■ WHAT TO PRODUCE: The records below are to be repeated exactly, and their pictures left out.

■ MATERIAL SHOWN:
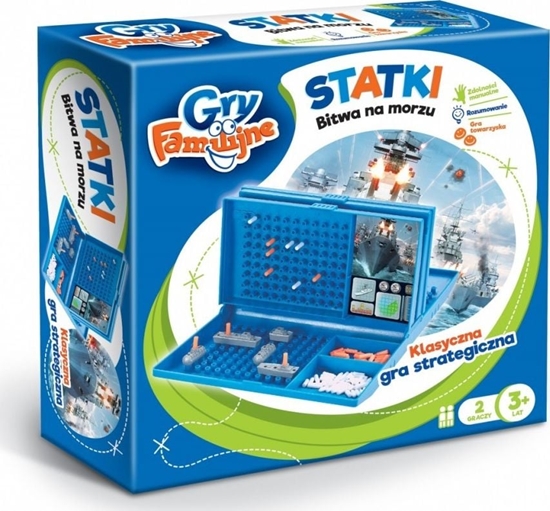Picture of Madej Gra planszowa Statki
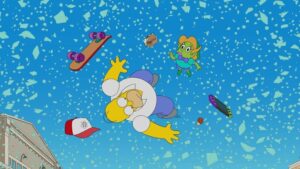 Simpsonlar 34. Sezon 22. Bölüm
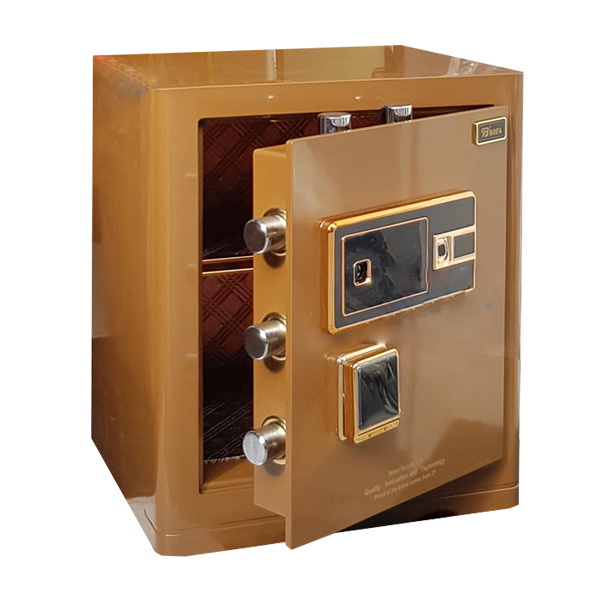 Két sắt mini Bofa BF-V-45BS2 vân tay chính hãng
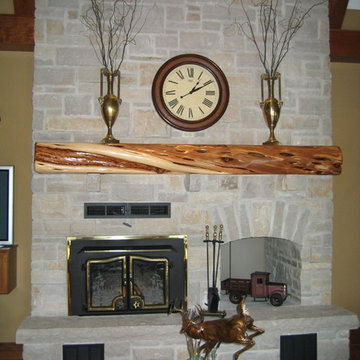 Fond du Lac – Country Collection Fireplace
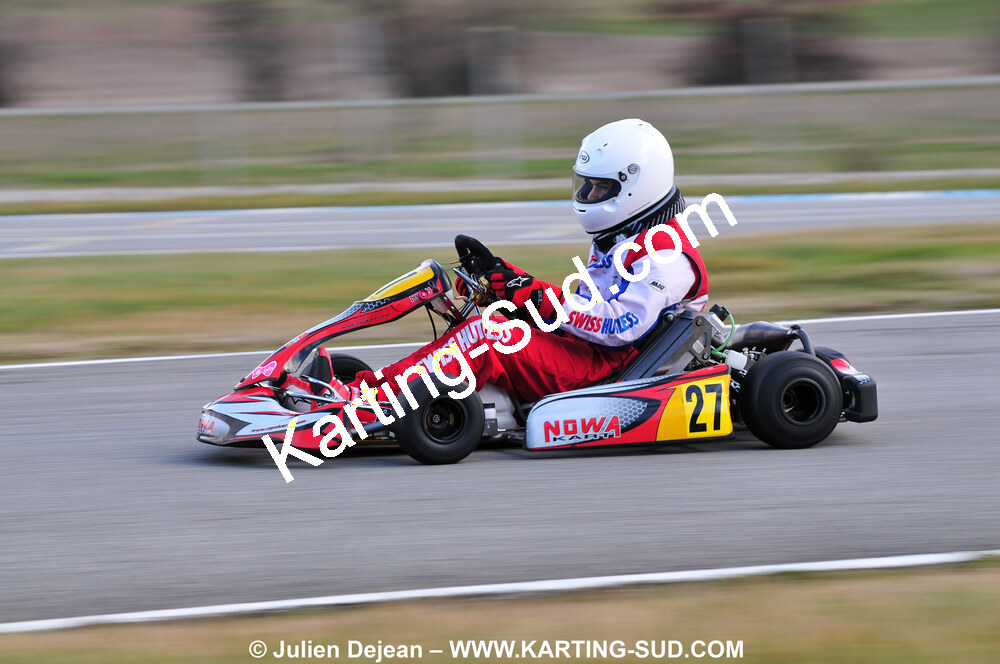 21/02/2010 : 1ère manche du Trophée Vincent Sanchez à Lavelanet (photos Julien Dejean) 2010 — karting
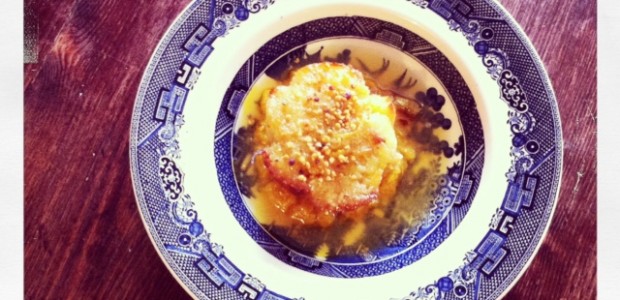 Bee pudding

■ EXERCISE RESPONSE:
Picture of Madej Gra planszowa Statki
 Simpsonlar 34. Sezon 22. Bölüm
 Két sắt mini Bofa BF-V-45BS2 vân tay chính hãng
 Fond du Lac – Country Collection Fireplace
 21/02/2010 : 1ère manche du Trophée Vincent Sanchez à Lavelanet (photos Julien Dejean) 2010 — karting
 Bee pudding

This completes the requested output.